▶ **WHAT THE TASK ASKS**
What is needed is a word-for-word copy of every record below, minus the pictures.

▶ **SUPPLIED INFORMATION**
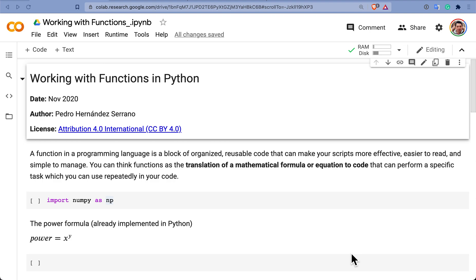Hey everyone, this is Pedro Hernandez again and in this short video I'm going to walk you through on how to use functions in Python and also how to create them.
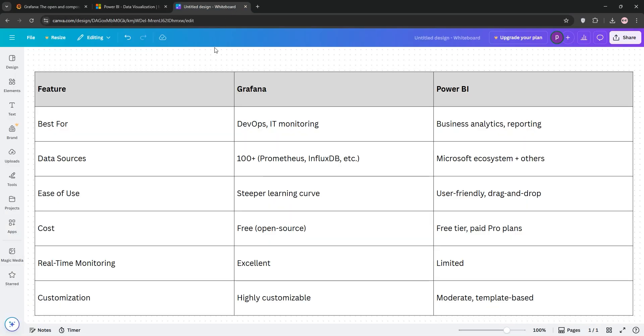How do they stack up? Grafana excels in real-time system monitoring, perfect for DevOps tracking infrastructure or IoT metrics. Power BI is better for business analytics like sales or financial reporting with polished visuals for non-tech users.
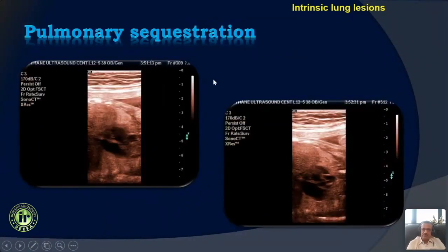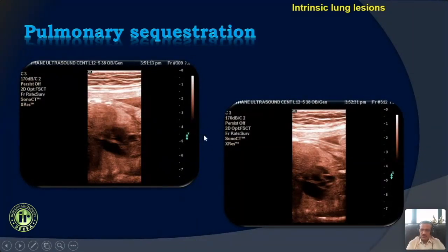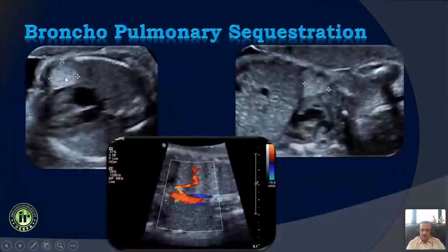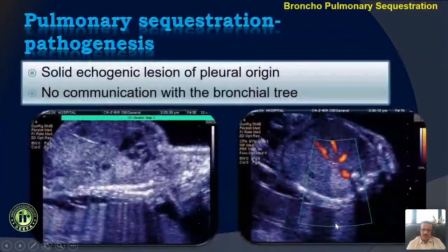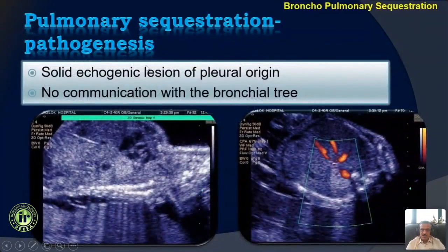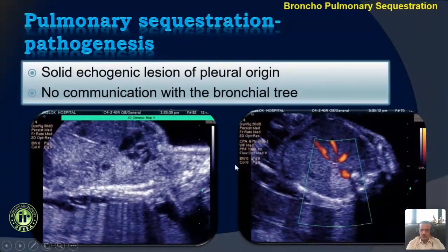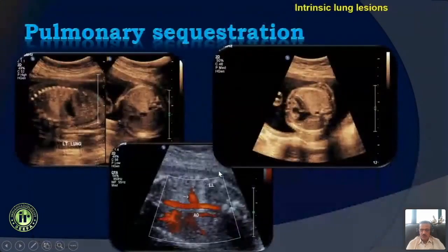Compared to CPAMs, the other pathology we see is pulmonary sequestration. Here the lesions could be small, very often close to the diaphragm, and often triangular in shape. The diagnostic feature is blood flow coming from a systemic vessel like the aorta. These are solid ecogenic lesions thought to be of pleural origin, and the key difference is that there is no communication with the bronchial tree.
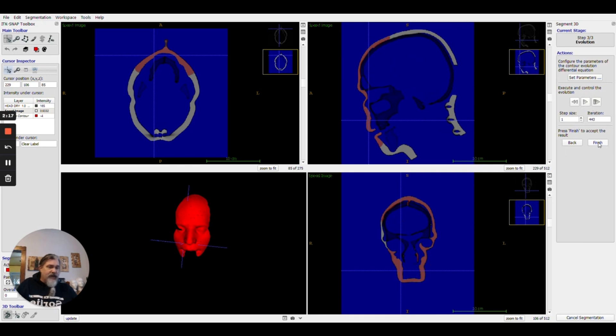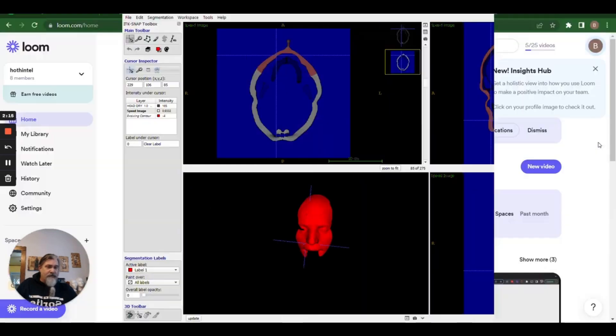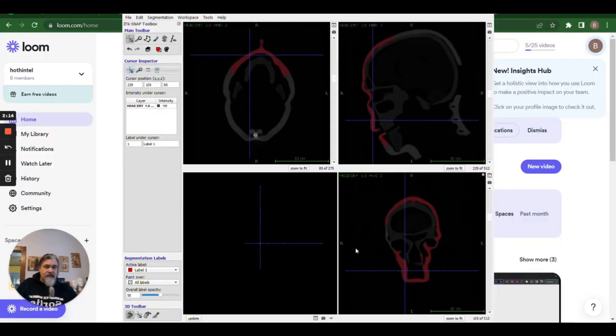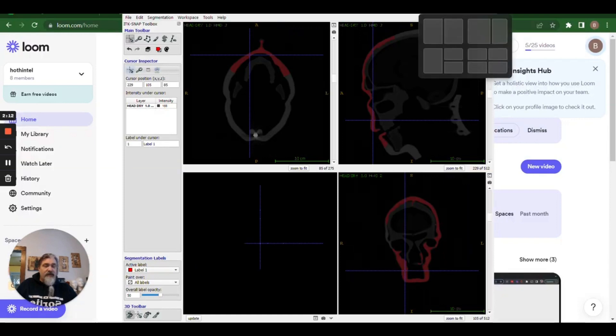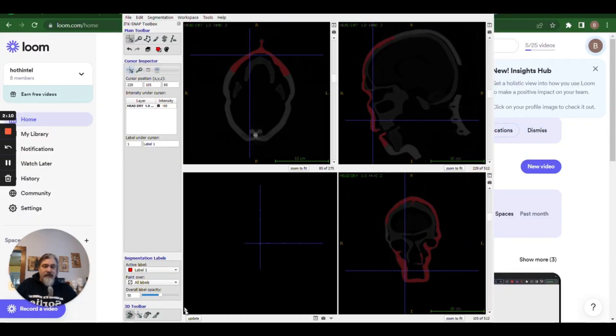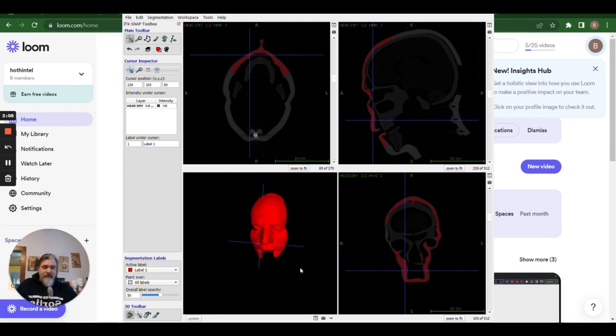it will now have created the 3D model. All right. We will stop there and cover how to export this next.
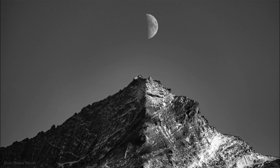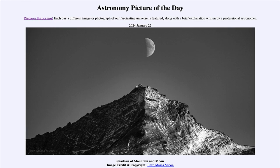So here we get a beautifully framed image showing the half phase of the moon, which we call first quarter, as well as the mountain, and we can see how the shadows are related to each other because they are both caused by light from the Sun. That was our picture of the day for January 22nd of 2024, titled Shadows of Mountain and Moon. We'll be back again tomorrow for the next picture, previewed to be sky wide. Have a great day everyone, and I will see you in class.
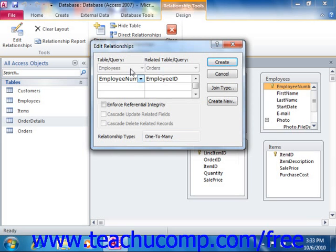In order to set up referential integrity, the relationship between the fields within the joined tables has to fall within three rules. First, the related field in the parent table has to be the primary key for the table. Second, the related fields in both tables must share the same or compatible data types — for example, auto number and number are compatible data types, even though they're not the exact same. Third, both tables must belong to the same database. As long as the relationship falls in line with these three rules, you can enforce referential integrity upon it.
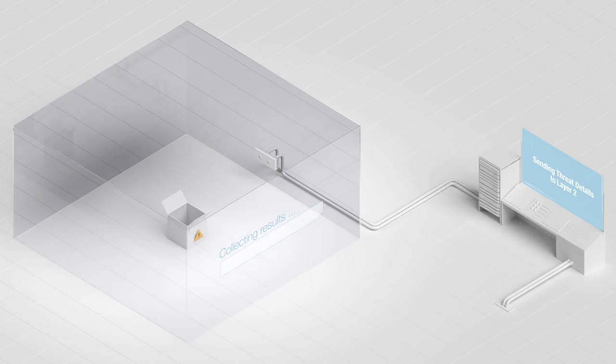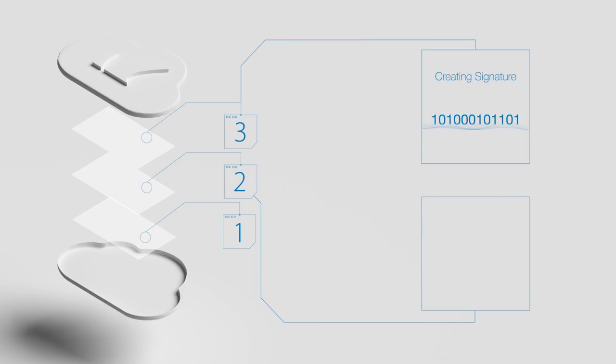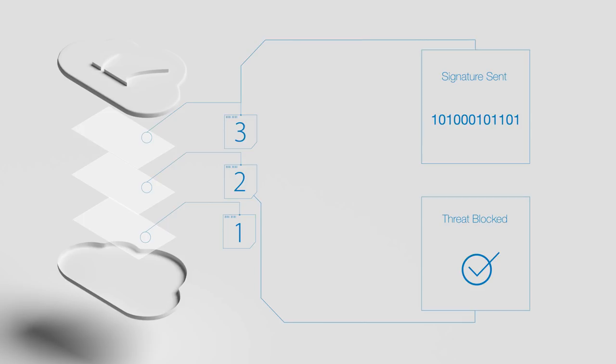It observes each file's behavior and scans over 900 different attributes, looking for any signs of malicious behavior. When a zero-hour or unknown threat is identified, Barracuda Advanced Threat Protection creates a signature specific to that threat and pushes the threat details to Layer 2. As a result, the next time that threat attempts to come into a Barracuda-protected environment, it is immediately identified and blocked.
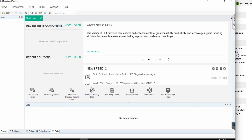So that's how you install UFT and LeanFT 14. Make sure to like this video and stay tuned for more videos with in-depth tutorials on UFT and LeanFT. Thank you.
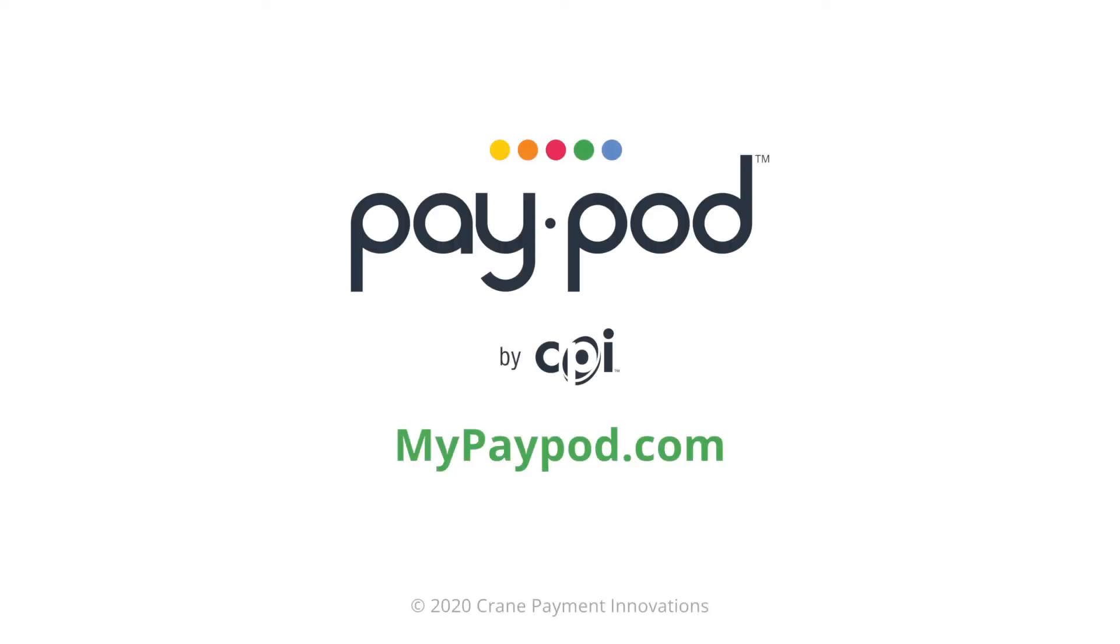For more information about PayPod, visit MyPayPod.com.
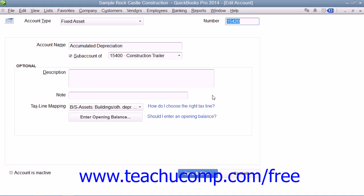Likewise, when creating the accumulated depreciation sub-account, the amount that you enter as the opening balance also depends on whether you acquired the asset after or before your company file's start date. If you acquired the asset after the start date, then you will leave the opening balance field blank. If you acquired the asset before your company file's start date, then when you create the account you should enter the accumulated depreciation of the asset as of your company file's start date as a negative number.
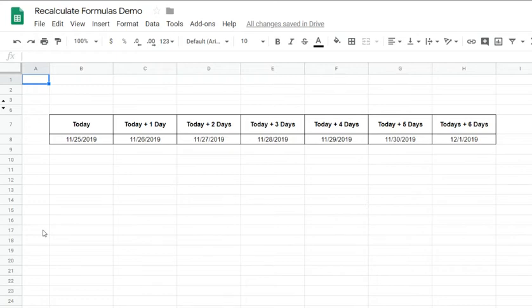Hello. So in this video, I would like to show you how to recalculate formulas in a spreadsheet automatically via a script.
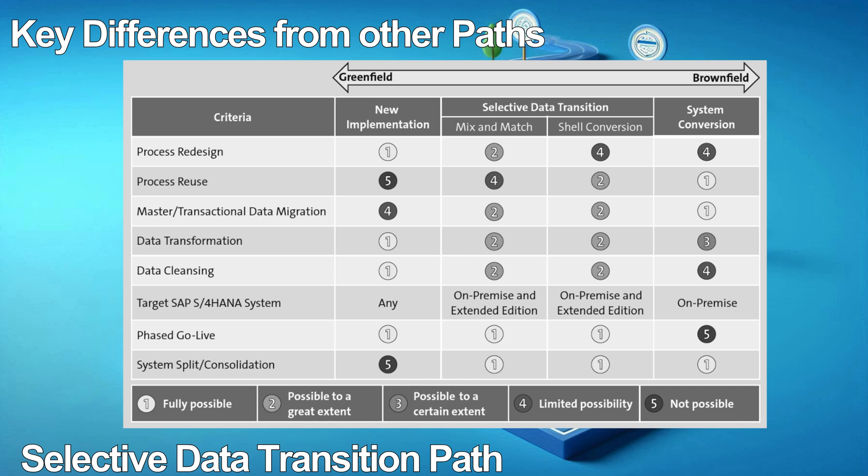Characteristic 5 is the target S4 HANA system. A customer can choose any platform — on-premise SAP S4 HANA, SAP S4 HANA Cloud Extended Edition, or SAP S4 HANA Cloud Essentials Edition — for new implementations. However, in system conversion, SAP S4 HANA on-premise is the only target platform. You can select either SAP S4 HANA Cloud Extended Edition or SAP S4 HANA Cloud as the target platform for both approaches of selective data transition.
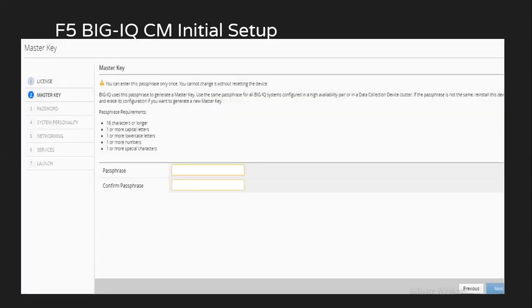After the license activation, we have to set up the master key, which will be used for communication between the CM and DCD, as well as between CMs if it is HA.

▶ **SOLUTION TO THE PROBLEM**
Hey everyone, this is Pedro Hernandez again and in this short video I'm going to walk you through on how to use functions in Python and also how to create them.
How do they stack up? Grafana excels in real-time system monitoring, perfect for DevOps tracking infrastructure or IoT metrics. Power BI is better for business analytics like sales or financial reporting with polished visuals for non-tech users.
Compared to CPAMs, the other pathology we see is pulmonary sequestration. Here the lesions could be small, very often close to the diaphragm, and often triangular in shape. The diagnostic feature is blood flow coming from a systemic vessel like the aorta. These are solid ecogenic lesions thought to be of pleural origin, and the key difference is that there is no communication with the bronchial tree.
it will now have created the 3D model. All right. We will stop there and cover how to export this next.
So here we get a beautifully framed image showing the half phase of the moon, which we call first quarter, as well as the mountain, and we can see how the shadows are related to each other because they are both caused by light from the Sun. That was our picture of the day for January 22nd of 2024, titled Shadows of Mountain and Moon. We'll be back again tomorrow for the next picture, previewed to be sky wide. Have a great day everyone, and I will see you in class.
In order to set up referential integrity, the relationship between the fields within the joined tables has to fall within three rules. First, the related field in the parent table has to be the primary key for the table. Second, the related fields in both tables must share the same or compatible data types — for example, auto number and number are compatible data types, even though they're not the exact same. Third, both tables must belong to the same database. As long as the relationship falls in line with these three rules, you can enforce referential integrity upon it.
It observes each file's behavior and scans over 900 different attributes, looking for any signs of malicious behavior. When a zero-hour or unknown threat is identified, Barracuda Advanced Threat Protection creates a signature specific to that threat and pushes the threat details to Layer 2. As a result, the next time that threat attempts to come into a Barracuda-protected environment, it is immediately identified and blocked.
So that's how you install UFT and LeanFT 14. Make sure to like this video and stay tuned for more videos with in-depth tutorials on UFT and LeanFT. Thank you.
For more information about PayPod, visit MyPayPod.com.
Likewise, when creating the accumulated depreciation sub-account, the amount that you enter as the opening balance also depends on whether you acquired the asset after or before your company file's start date. If you acquired the asset after the start date, then you will leave the opening balance field blank. If you acquired the asset before your company file's start date, then when you create the account you should enter the accumulated depreciation of the asset as of your company file's start date as a negative number.
Hello. So in this video, I would like to show you how to recalculate formulas in a spreadsheet automatically via a script.
Characteristic 5 is the target S4 HANA system. A customer can choose any platform — on-premise SAP S4 HANA, SAP S4 HANA Cloud Extended Edition, or SAP S4 HANA Cloud Essentials Edition — for new implementations. However, in system conversion, SAP S4 HANA on-premise is the only target platform. You can select either SAP S4 HANA Cloud Extended Edition or SAP S4 HANA Cloud as the target platform for both approaches of selective data transition.
After the license activation, we have to set up the master key, which will be used for communication between the CM and DCD, as well as between CMs if it is HA.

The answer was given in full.